Investor Behaviour Facing Risk : Neurofinance and Financial Crises.

Authors
Publication date
2016
Publication type
Thesis
Summary This thesis studies the behavior of investors through their performance and expectations during the 2008-2011 financial crises and their beliefs. It consists of three chapters. In the first chapter, we review the existing literature on individual investors' performance, behavioral biases and preferences. We show the main shortcomings in terms of individual investors' performance as well as their main behavioral biases. We also highlight the contribution of neuroscience to the understanding of individual investors' behavior. In the second chapter, we study the impact of the 2008-2011 financial crises on the performance of individual investors and their expectations of their financial intermediaries in four different countries: Germany, Belgium, Luxembourg, and France.
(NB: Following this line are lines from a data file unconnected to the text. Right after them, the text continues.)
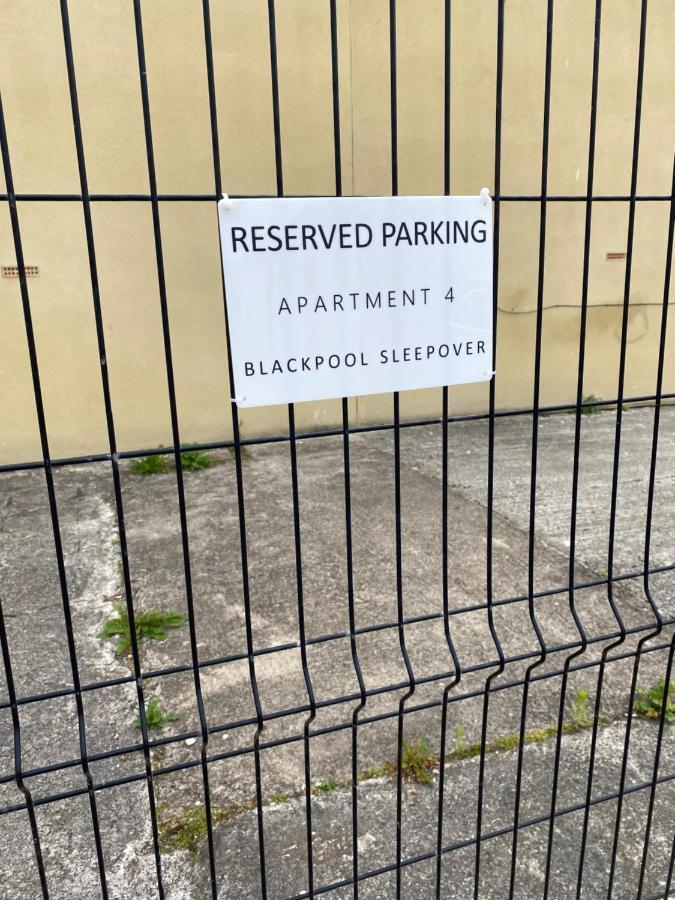 Blackpool Sleepover Apartment 4 Free Parking Sleeps 6 Kültér fotó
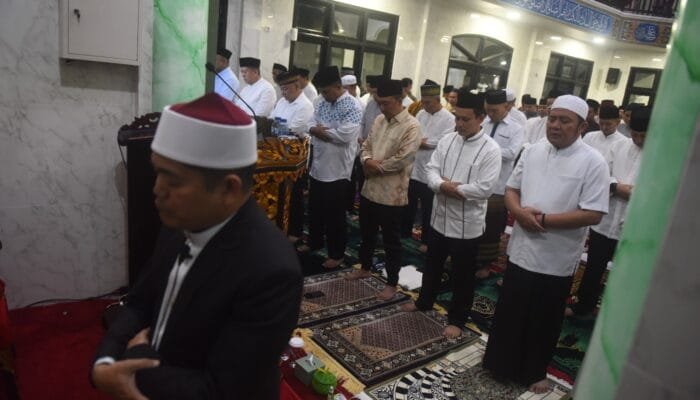 Safari Ramadhan di Makodam II/Sriwijaya, Herman Deru Ajak Jemaah Doakan Almarhum Alex Noerdin
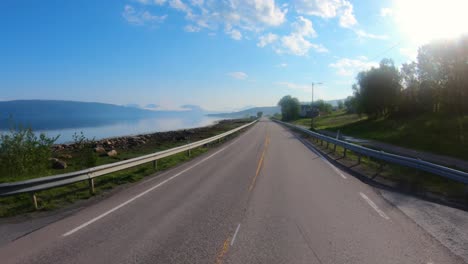 Punto-De-Vista-Del-Vehículo-Conduciendo-Un-Coche-En-Una-Carretera-En-Noruega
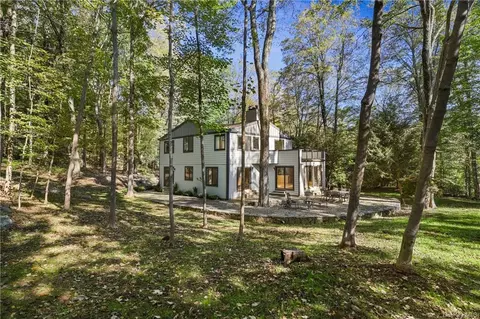 192 Westchester Ave, Pound Ridge, NY 10576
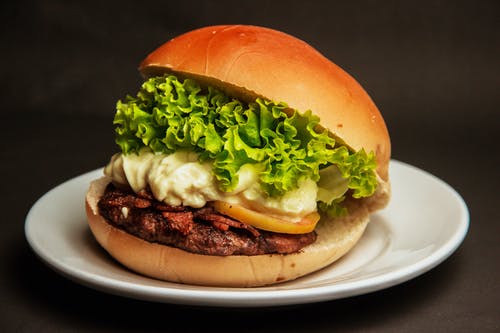 汉堡，生菜和奶酪在白板上 · 免费素材图片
We also make a comparison according to the level of wealth of investors within each country but also globally. Our data comes from questionnaires distributed to asset managers at the largest banks in the countries considered, as well as from historical market data for each of these countries. We show that the wealthiest investors are the least risk averse both before and after financial crises, regardless of the country considered. We also find that they adopt the least conservative investment strategies. Finally, we find a significant change in investors' expectations of their financial intermediaries, demanding more transparency and better customer service, regardless of wealth level. We also show that these expectations can be contradictory, especially among the least wealthy investors. In the third chapter, we provide an experimental test of belief formation among individual investors based on the Brunnermeier and Parker (2005) model. We use an experiment with two identical lotteries except for their skewness. We show that participants in this experiment experience anticipatory emotions once they learn about the lottery they will play. These emotions are formed from the second minute of waiting and remain stable until they become aware of their winnings. Moreover, these anticipatory emotions are as strong as those felt once they know their winnings. Finally, we show that lottery participants with positive skewness have less self-regulation capacity than other subjects. The emotions they feel are stronger and more persistent than in the others.